-- DATA PROVIDED follows --

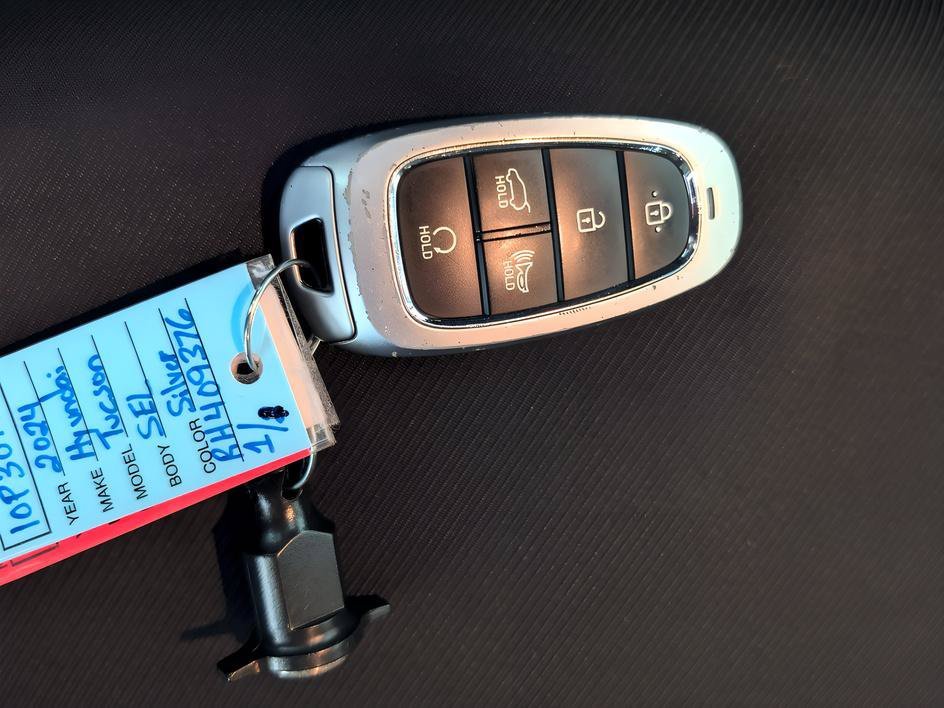 Used 2024 Shimmering Silver Hyundai SEL image 30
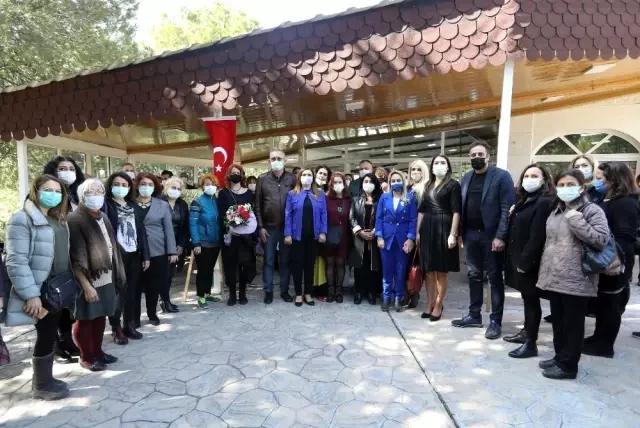 Buca Belediyesinden 8 Mart Dünya Kadınlar Günü sergisi Buca Belediyesinden 8 Mart Dünya Kadınlar Günü sergisi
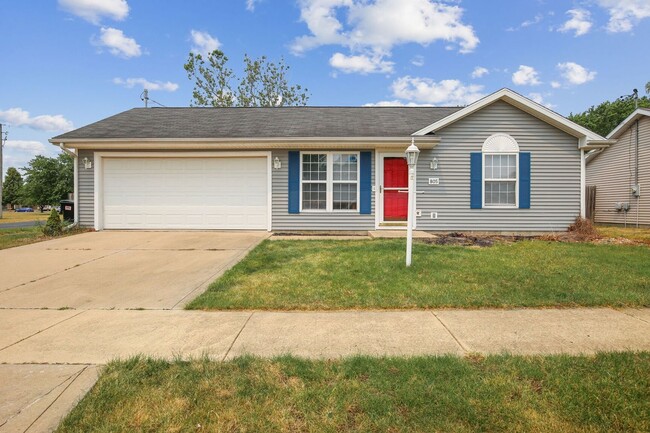 Building Photo - Available Now: Charming 3-Bedroom Home wit...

-- DATA PROVIDED concluded --

The data above must be given again in full and unaltered, minus its images.

 Used 2024 Shimmering Silver Hyundai SEL image 30
 Buca Belediyesinden 8 Mart Dünya Kadınlar Günü sergisi Buca Belediyesinden 8 Mart Dünya Kadınlar Günü sergisi
 Building Photo - Available Now: Charming 3-Bedroom Home wit...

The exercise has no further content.